WHAT TO WORK ON
Copy exactly the lines of the material below that fall between the line with "Har Dastan Nahi Hoti - karan Chaubey" and the line with "Image for Reveries", both of those lines included; pictures stay out.

=== Section Start ===

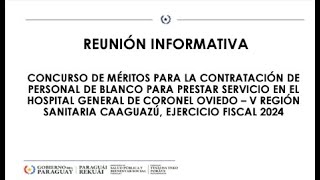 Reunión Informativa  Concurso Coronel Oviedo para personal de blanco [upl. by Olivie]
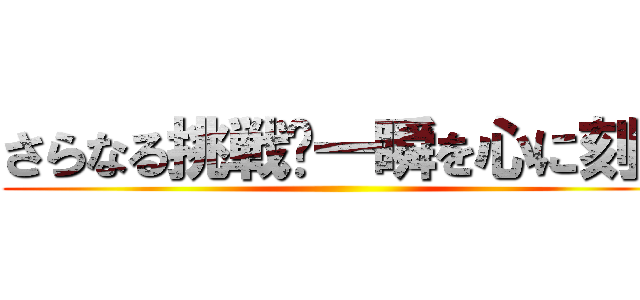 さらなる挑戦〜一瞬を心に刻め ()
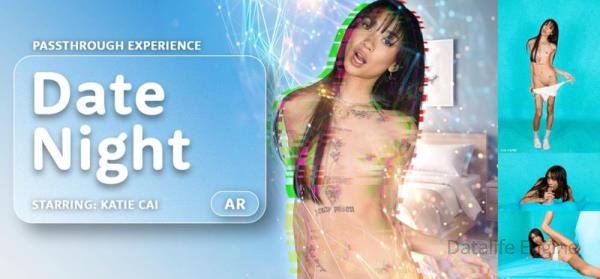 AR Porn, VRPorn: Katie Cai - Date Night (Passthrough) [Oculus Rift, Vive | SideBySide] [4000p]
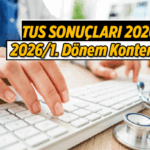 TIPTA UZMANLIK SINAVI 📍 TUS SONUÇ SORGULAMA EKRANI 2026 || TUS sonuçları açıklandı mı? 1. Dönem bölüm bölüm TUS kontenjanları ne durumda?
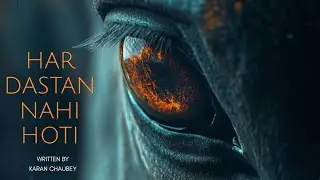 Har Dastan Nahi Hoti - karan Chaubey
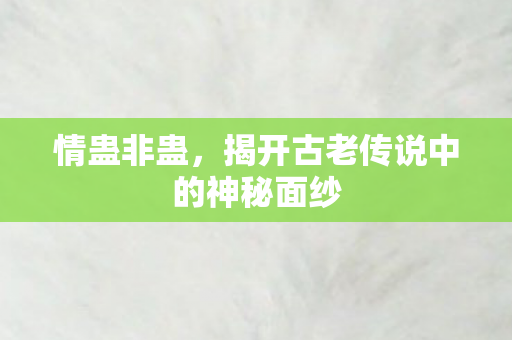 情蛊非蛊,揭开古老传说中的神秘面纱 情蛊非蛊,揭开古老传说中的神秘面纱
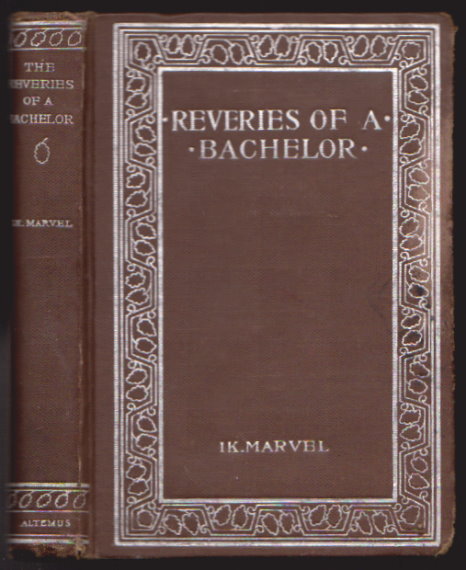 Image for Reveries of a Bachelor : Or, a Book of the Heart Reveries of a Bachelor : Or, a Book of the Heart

=== Section End ===
=== Section Start ===

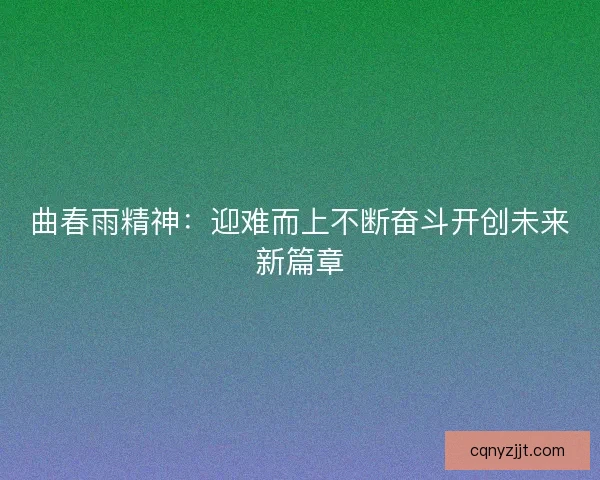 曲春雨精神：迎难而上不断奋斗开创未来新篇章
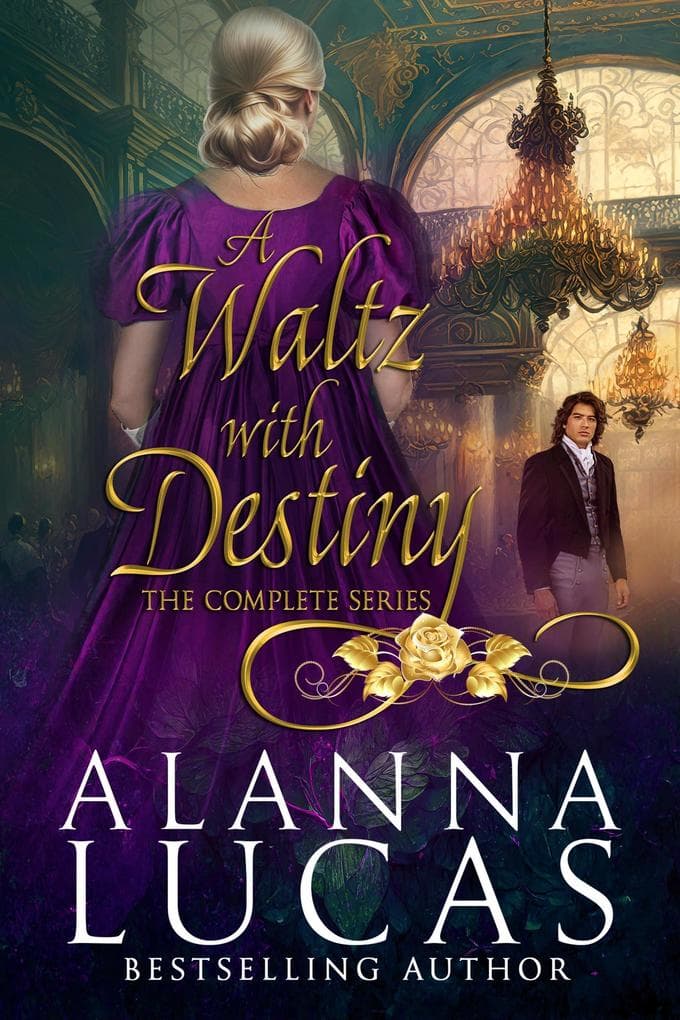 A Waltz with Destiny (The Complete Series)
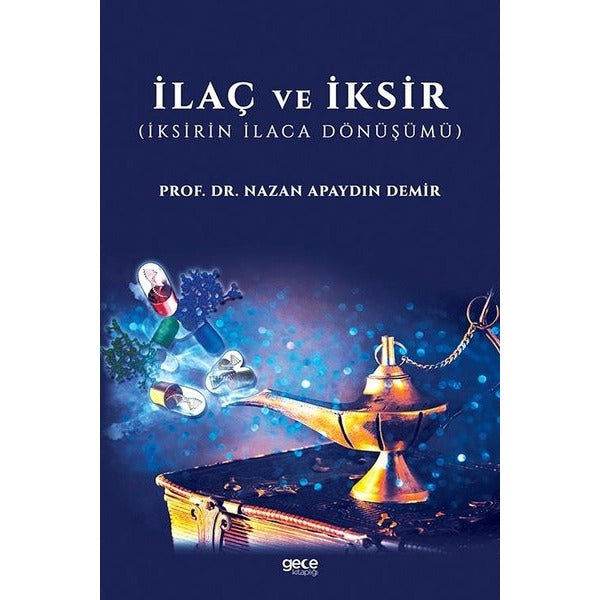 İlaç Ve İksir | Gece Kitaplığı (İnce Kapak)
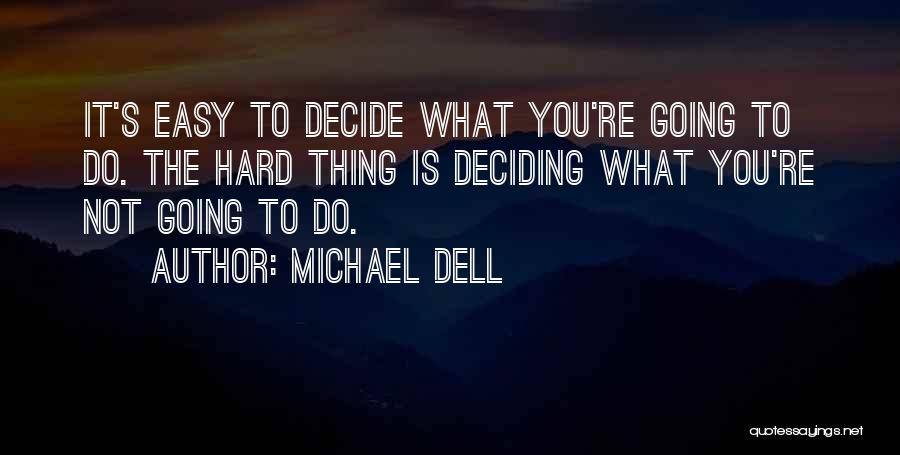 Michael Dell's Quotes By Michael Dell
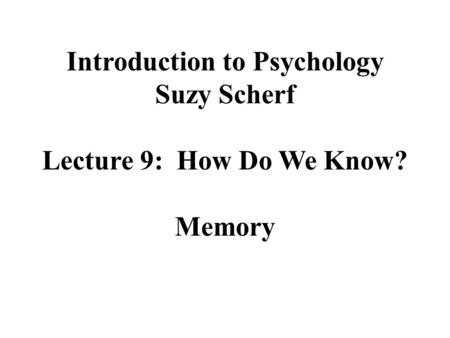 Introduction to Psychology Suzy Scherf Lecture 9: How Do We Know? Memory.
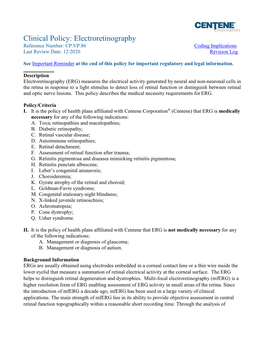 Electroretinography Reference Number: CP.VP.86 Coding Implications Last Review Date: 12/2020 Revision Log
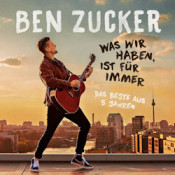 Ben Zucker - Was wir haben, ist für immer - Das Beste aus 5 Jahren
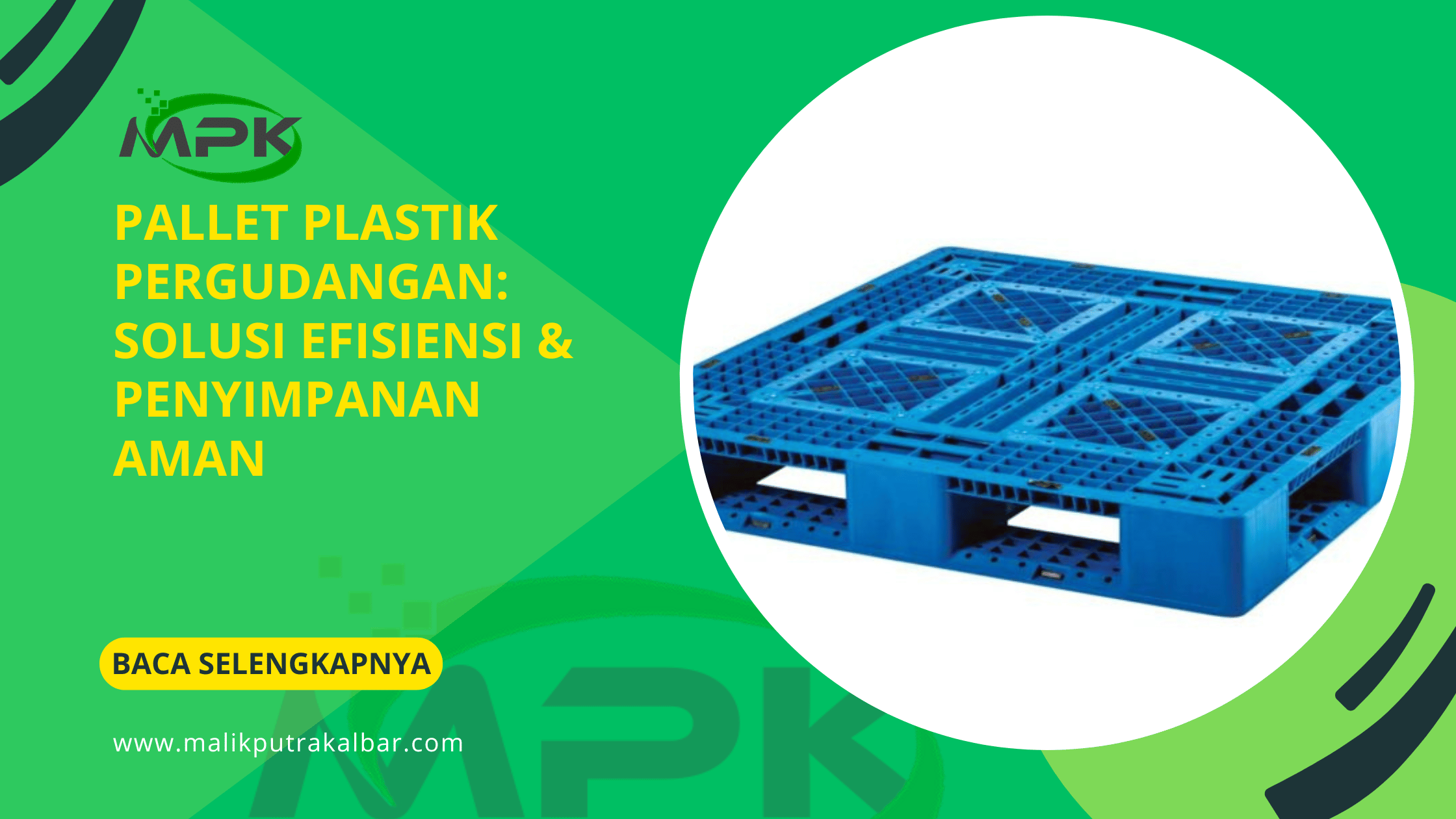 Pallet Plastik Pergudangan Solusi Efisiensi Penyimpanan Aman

=== Section End ===

RESULT OF THIS EXERCISE
 Har Dastan Nahi Hoti - karan Chaubey
 情蛊非蛊,揭开古老传说中的神秘面纱 情蛊非蛊,揭开古老传说中的神秘面纱
 Image for Reveries of a Bachelor : Or, a Book of the Heart Reveries of a Bachelor : Or, a Book of the Heart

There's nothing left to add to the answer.